The best way to ensure the blade gets in the water as far forward as possible is to reallocate the energy from the lower hand to the top hand. If your top hand is sliding the blade in beside your toes, as if thrusting the blade in a spearing motion, the lower hand will not hurry the catch. Intuitively, one wants to start the blade in with the lower hand, which is something to overcome. Changing your attention to the top hand will also help you relax you lower hand, arm and shoulder, which can actually help extend your reach by a few more inches.
Pushing with a Bent Elbow
There are two rules that a lot of kayakers learn that are incorrect. They are that "you should punch forward down the center of the boat", straightening your arm, and that "your top hand should never cross over the center of the boat". These rules were fine in the days of arm paddling. But to be fast , you have to unlearn these two rules. So write them both down on a piece of paper, crumple the paper up, and toss them away forever.
Just prior to the exit, your top arm should be bent ninety degrees, and you should be looking right across your forearm.
-Pushing with a bent elbow is the part of the stroke that helps you take advantage of your rotation during the power phase. You want to push with your top hand as though you are throwing a crossing blow, elbow bent ninety degrees, with the stroke ending up with you looking just over the top of your forearm.
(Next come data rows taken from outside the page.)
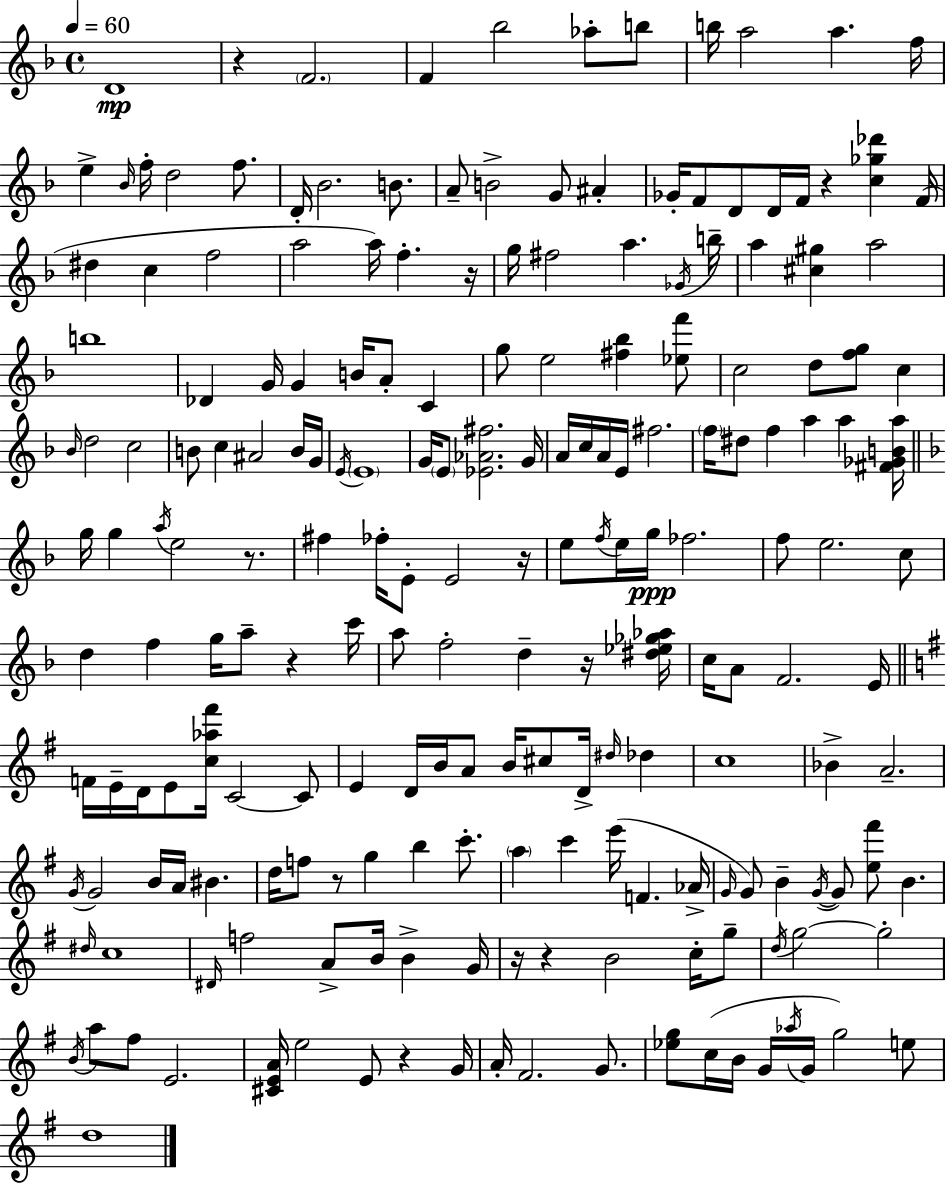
{
  \clef treble
  \time 4/4
  \defaultTimeSignature
  \key d \minor
  \tempo 4 = 60
  d'1\mp | r4 \parenthesize f'2. | f'4 bes''2 aes''8-. b''8 | b''16 a''2 a''4. f''16 | \break e''4-> \grace { bes'16 } f''16-. d''2 f''8. | d'16-. bes'2. b'8. | a'8-- b'2-> g'8 ais'4-. | ges'16-. f'8 d'8 d'16 f'16 r4 <c'' ges'' des'''>4 | \break f'16( dis''4 c''4 f''2 | a''2 a''16) f''4.-. | r16 g''16 fis''2 a''4. | \acciaccatura { ges'16 } b''16-- a''4 <cis'' gis''>4 a''2 | \break b''1 | des'4 g'16 g'4 b'16 a'8-. c'4 | g''8 e''2 <fis'' bes''>4 | <ees'' f'''>8 c''2 d''8 <f'' g''>8 c''4 | \break \grace { bes'16 } d''2 c''2 | b'8 c''4 ais'2 | b'16 g'16 \acciaccatura { e'16 } \parenthesize e'1 | g'16 \parenthesize e'8 <ees' aes' fis''>2. | \break g'16 a'16 c''16 a'16 e'16 fis''2. | \parenthesize f''16 dis''8 f''4 a''4 a''4 | <fis' ges' b' a''>16 \bar "||" \break \key f \major g''16 g''4 \acciaccatura { a''16 } e''2 r8. | fis''4 fes''16-. e'8-. e'2 | r16 e''8 \acciaccatura { f''16 } e''16 g''16\ppp fes''2. | f''8 e''2. | \break c''8 d''4 f''4 g''16 a''8-- r4 | c'''16 a''8 f''2-. d''4-- | r16 <dis'' ees'' ges'' aes''>16 c''16 a'8 f'2. | e'16 \bar "||" \break \key g \major f'16 e'16-- d'16 e'8 <c'' aes'' fis'''>16 c'2~~ c'8 | e'4 d'16 b'16 a'8 b'16 cis''8 d'16-> \grace { dis''16 } des''4 | c''1 | bes'4-> a'2.-- | \break \acciaccatura { g'16 } g'2 b'16 a'16 bis'4. | d''16 f''8 r8 g''4 b''4 c'''8.-. | \parenthesize a''4 c'''4 e'''16( f'4. | aes'16-> \grace { g'16 }) g'8 b'4-- \acciaccatura { g'16~ }~ g'8 <e'' fis'''>8 b'4. | \break \grace { dis''16 } c''1 | \grace { dis'16 } f''2 a'8-> | b'16 b'4-> g'16 r16 r4 b'2 | c''16-. g''8-- \acciaccatura { d''16 } g''2~~ g''2-. | \break \acciaccatura { b'16 } a''8 fis''8 e'2. | <cis' e' a'>16 e''2 | e'8 r4 g'16 a'16-. fis'2. | g'8. <ees'' g''>8 c''16( b'16 g'16 \acciaccatura { aes''16 } g'16 g''2) | \break e''8 d''1 | \bar "|."
}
When you incorrectly push straight ahead instead of pushing across, then the path of movement for the blade is an arcing movement that pushes up and down on the surface of the water, rather than down the long of axis of the boat. If you push straight ahead with your top hand, all you are doing is lifting water with the blade and pulling the boat down deeper--a huge impediment to efficiency.
Imagine what the perfect paddling machine would look like: it would take the paddle, place it vertically in the water at the front of the boat, and pull it back along the long axis of the boat vertically the entire time the blade is in the water. Since we are human and limited by having to hold the shaft with two hands, pushing across the center line of the boat is the closest we can come to an ideal vertical blade position. Once again, It is okay to cross the center line with your top hand, and is key to transferring your rotational power to the blade.
The Exit
Most paddlers hold onto the exit too long and very few take it out too soon. The blade should come out of the water when your hand meets your hip. So imagine that you have a steel rod across your hips that extends on either side of the boat. Once your hand hits the rod (not the blade), then get the blade out of the water.
The blade should come out effortlessly because this is the only split second of rest that the kayak stroke actually allows; don't make yourself work here!
Imagine your hand hitting a steel rod jutting out sideways from your hip. Get the blade out quickly when your hand hits the rod.
Let the blade come out where it "wants" to come out. Forcing the blade further than its natural exit zone wastes energy. If you are making the blade come back further in order to help set up rotation for the rotation and set-up for the next stroke, remember that you can more easily rotate with the blade out of the water than in it.
Putting these components together takes some effort, and the mind works best when you slow the stroke down and think "rotation, catch, chicken wing, exit" as a tantric chant. Try concentrating on getting the technique down on one side, then the other, and then together in a fluid motion. In a very short time, you should see improvement in how much further you can go with far less energy output.